------ Data

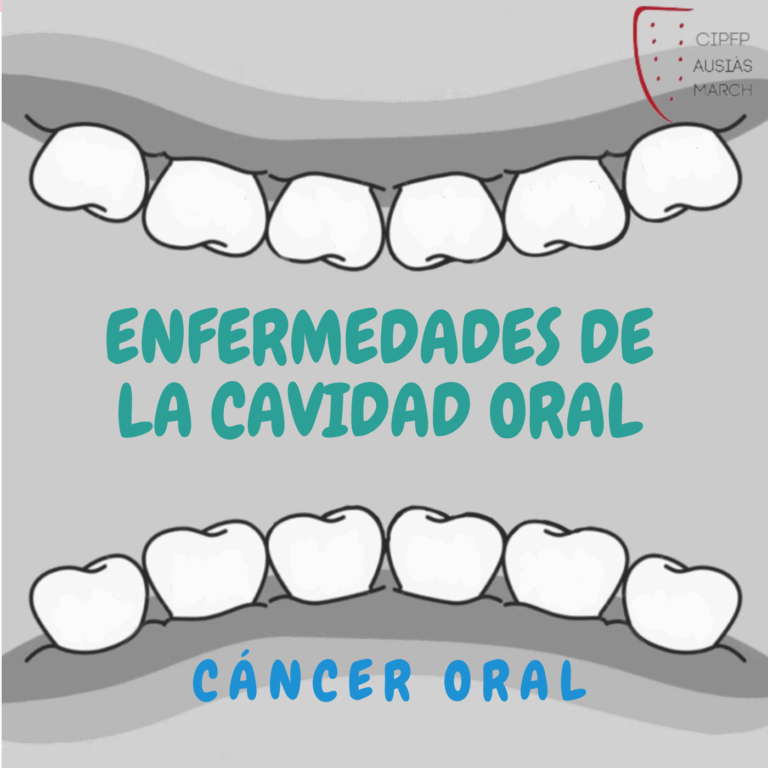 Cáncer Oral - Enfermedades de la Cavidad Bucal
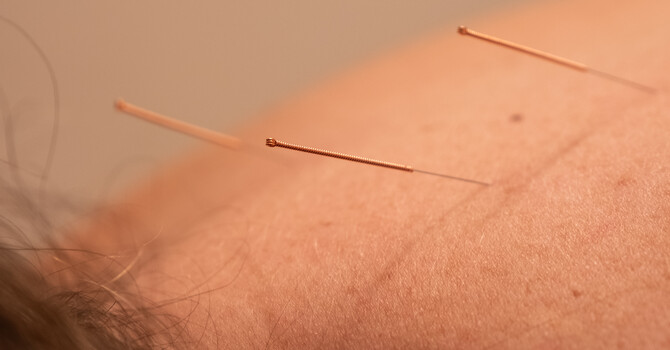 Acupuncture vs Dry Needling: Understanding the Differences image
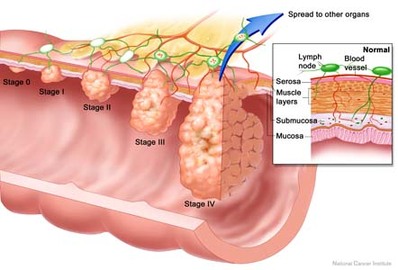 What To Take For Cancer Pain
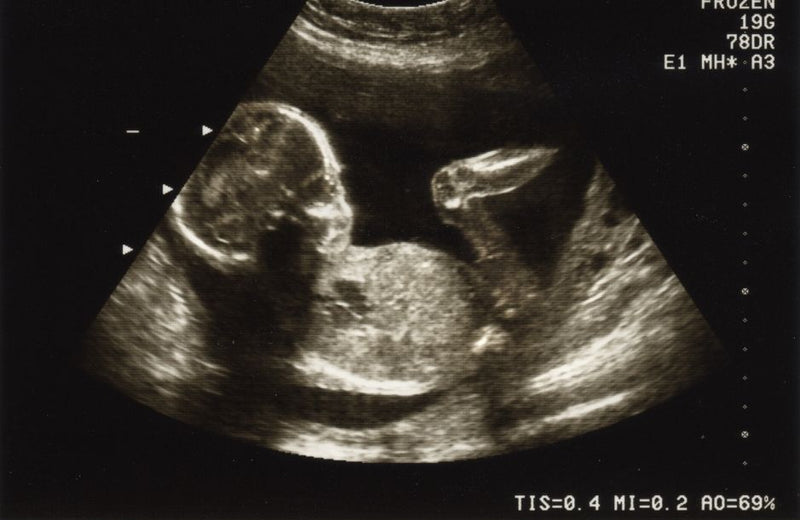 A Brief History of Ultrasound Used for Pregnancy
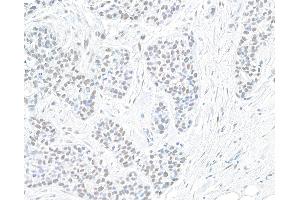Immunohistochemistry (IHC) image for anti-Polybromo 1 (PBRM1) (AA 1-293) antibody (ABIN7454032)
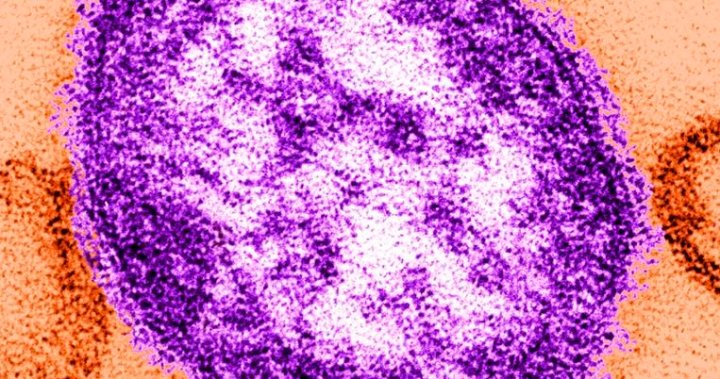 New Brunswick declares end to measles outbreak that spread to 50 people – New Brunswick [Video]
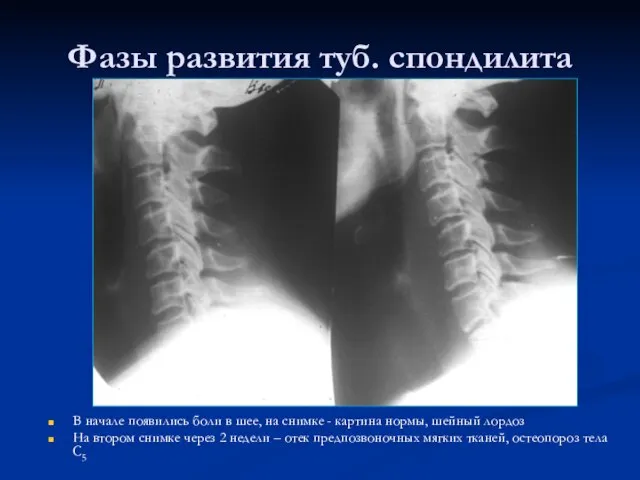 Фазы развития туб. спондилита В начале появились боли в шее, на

------------

_Assignment:_
The expected answer is the full listing above, transcribed exactly and without pictures.

_Result for this task:_
 Cáncer Oral - Enfermedades de la Cavidad Bucal
 Acupuncture vs Dry Needling: Understanding the Differences image
 What To Take For Cancer Pain
 A Brief History of Ultrasound Used for Pregnancy
Immunohistochemistry (IHC) image for anti-Polybromo 1 (PBRM1) (AA 1-293) antibody (ABIN7454032)
 New Brunswick declares end to measles outbreak that spread to 50 people – New Brunswick [Video]
 Фазы развития туб. спондилита В начале появились боли в шее, на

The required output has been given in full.